* [EXERCISE PROMPT] Repeat the data that follows exactly, starting at the line with "FIGURE 15-6, Congenital" and ending at the line with "foto del sistema", and leave out every picture.

* [DATA FOR THIS TASK]
☆ ☆ ☆ ☆ ☆

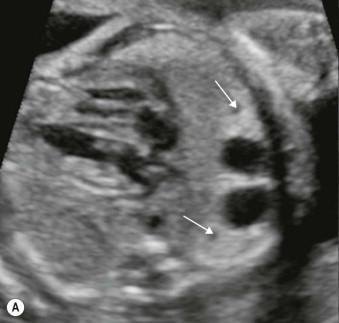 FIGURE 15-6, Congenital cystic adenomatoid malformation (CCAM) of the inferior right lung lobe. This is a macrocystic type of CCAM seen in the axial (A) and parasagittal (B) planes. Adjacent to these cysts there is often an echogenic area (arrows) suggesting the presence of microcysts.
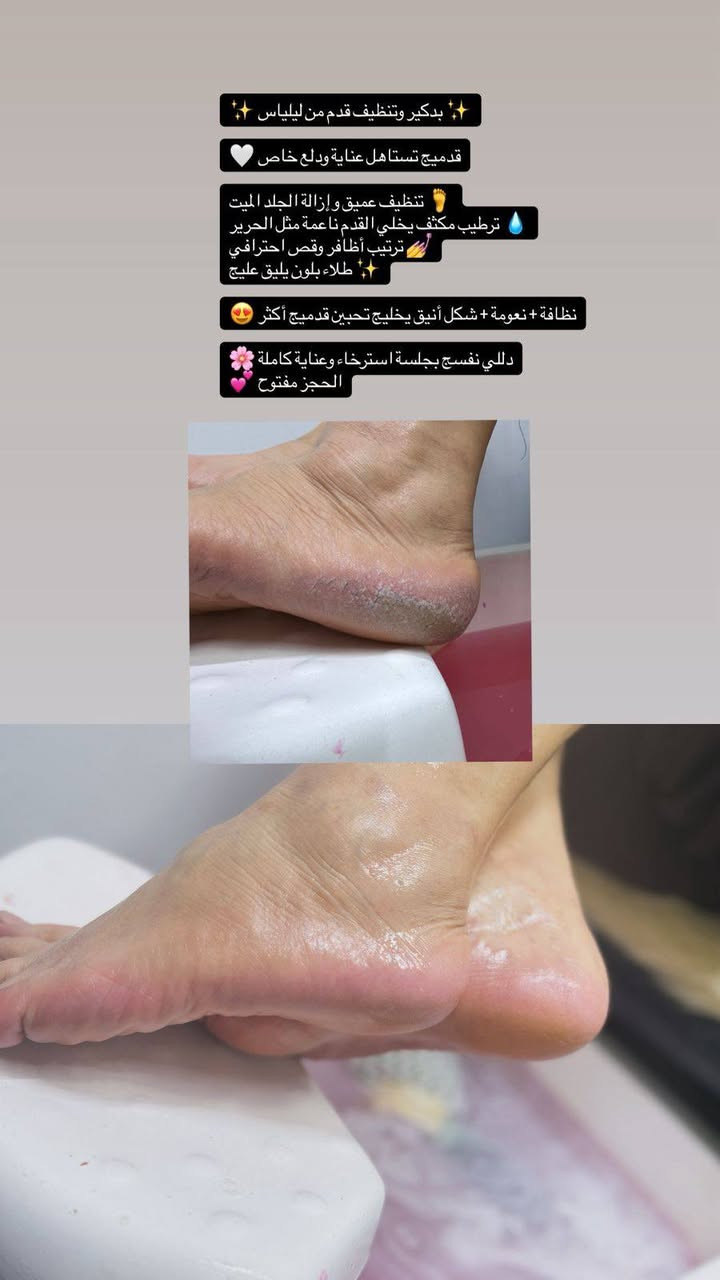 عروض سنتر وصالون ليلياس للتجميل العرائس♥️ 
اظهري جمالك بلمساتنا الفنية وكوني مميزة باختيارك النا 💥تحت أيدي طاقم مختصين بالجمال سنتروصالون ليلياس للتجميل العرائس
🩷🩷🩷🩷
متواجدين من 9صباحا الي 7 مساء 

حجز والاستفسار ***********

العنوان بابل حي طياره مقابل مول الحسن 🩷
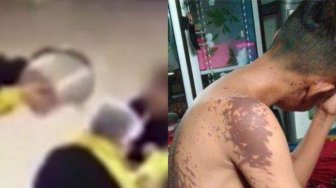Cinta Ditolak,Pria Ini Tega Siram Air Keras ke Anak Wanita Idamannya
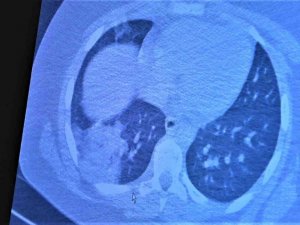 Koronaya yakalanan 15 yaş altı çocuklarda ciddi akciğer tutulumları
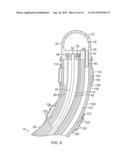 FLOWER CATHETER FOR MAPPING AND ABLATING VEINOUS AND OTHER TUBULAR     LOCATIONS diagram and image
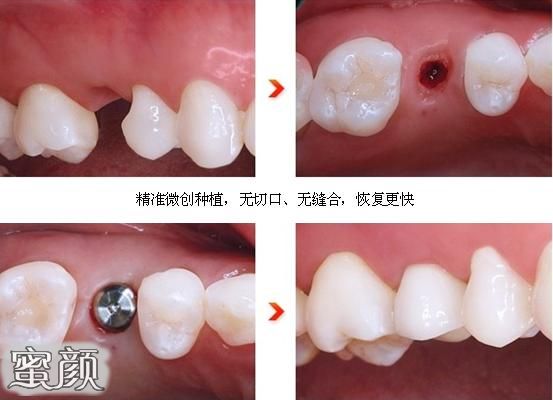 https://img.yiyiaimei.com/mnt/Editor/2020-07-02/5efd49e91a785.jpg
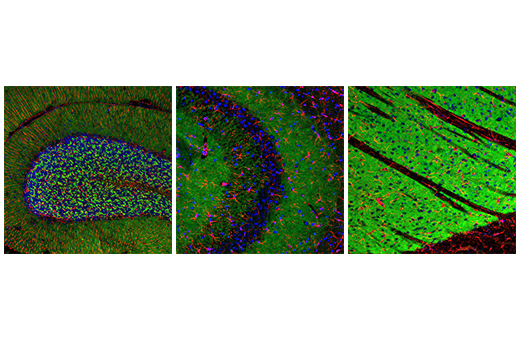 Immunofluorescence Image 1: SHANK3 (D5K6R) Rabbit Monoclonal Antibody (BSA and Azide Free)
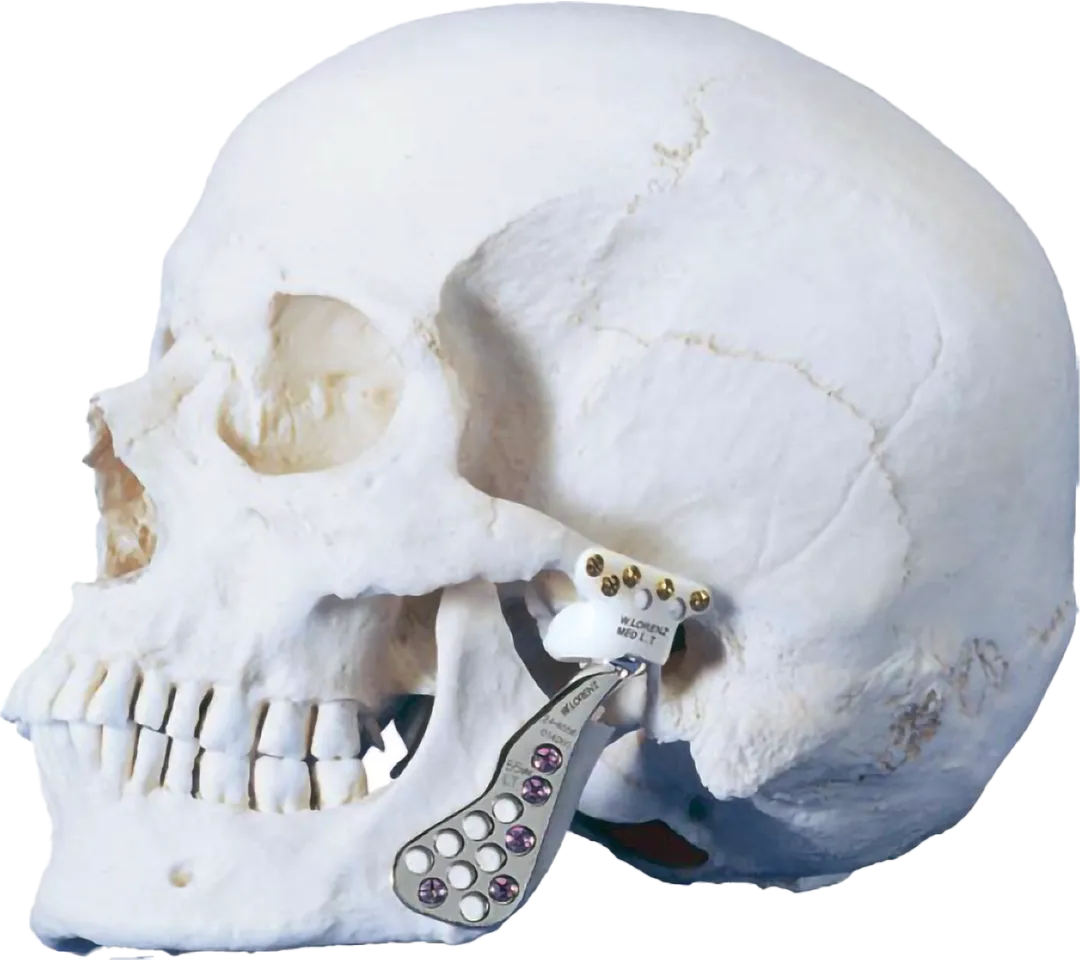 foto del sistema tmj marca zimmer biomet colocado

☆ ☆ ☆ ☆ ☆

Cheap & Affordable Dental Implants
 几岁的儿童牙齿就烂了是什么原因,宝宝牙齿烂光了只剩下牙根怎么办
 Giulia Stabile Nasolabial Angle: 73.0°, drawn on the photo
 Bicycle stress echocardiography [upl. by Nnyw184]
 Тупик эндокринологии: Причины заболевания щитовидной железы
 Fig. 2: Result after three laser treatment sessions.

☆ ☆ ☆ ☆ ☆

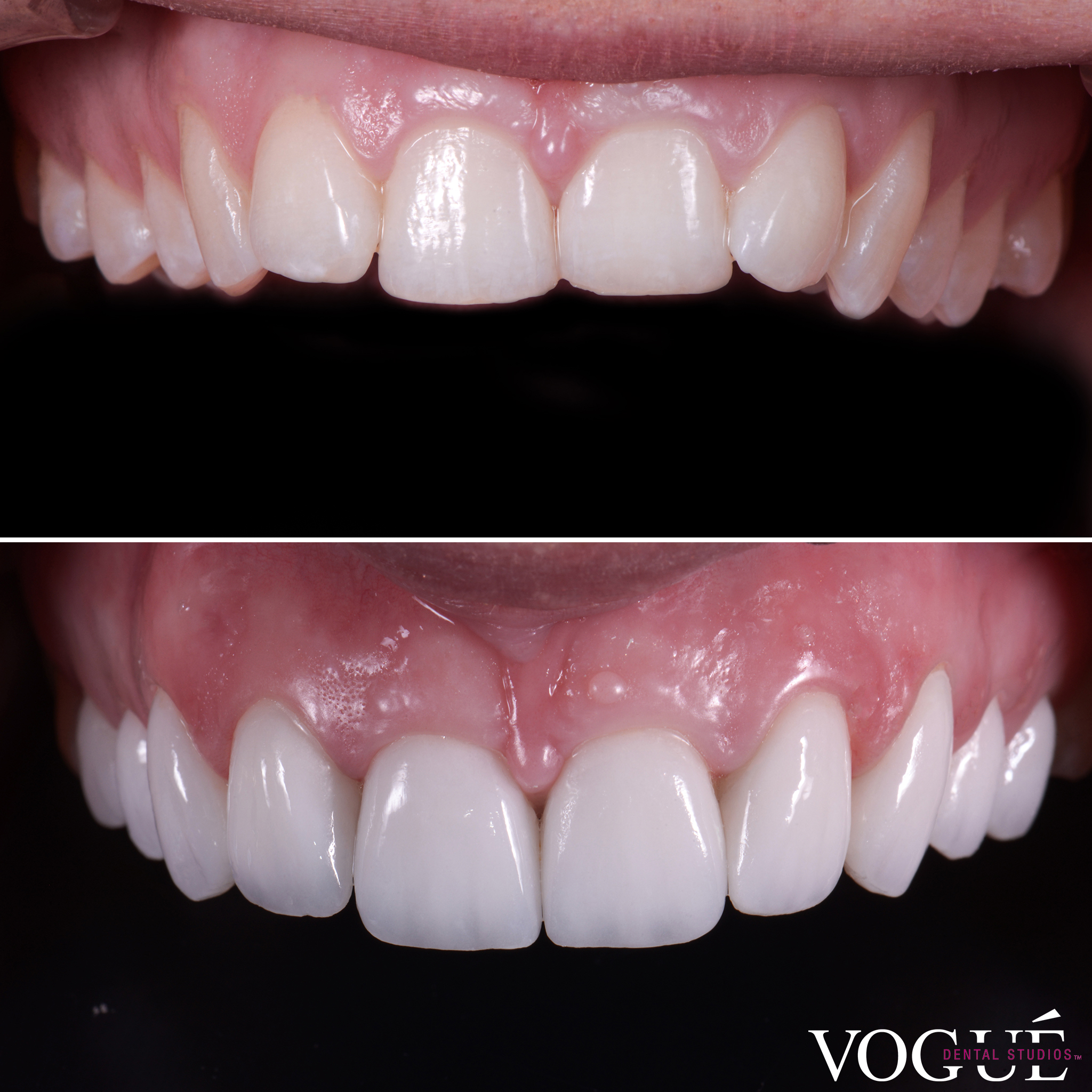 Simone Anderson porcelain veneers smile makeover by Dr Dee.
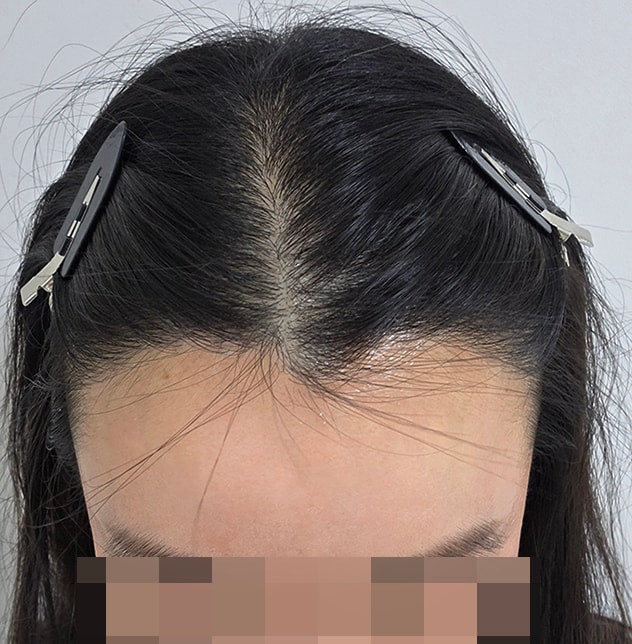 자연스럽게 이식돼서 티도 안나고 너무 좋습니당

☆ ☆ ☆ ☆ ☆

* [SOLUTION FOR THIS EXERCISE]
 FIGURE 15-6, Congenital cystic adenomatoid malformation (CCAM) of the inferior right lung lobe. This is a macrocystic type of CCAM seen in the axial (A) and parasagittal (B) planes. Adjacent to these cysts there is often an echogenic area (arrows) suggesting the presence of microcysts.
 عروض سنتر وصالون ليلياس للتجميل العرائس♥️ 
اظهري جمالك بلمساتنا الفنية وكوني مميزة باختيارك النا 💥تحت أيدي طاقم مختصين بالجمال سنتروصالون ليلياس للتجميل العرائس
🩷🩷🩷🩷
متواجدين من 9صباحا الي 7 مساء 

حجز والاستفسار ***********

العنوان بابل حي طياره مقابل مول الحسن 🩷
Cinta Ditolak,Pria Ini Tega Siram Air Keras ke Anak Wanita Idamannya
 Koronaya yakalanan 15 yaş altı çocuklarda ciddi akciğer tutulumları
 FLOWER CATHETER FOR MAPPING AND ABLATING VEINOUS AND OTHER TUBULAR     LOCATIONS diagram and image
 https://img.yiyiaimei.com/mnt/Editor/2020-07-02/5efd49e91a785.jpg
 Immunofluorescence Image 1: SHANK3 (D5K6R) Rabbit Monoclonal Antibody (BSA and Azide Free)
 foto del sistema tmj marca zimmer biomet colocado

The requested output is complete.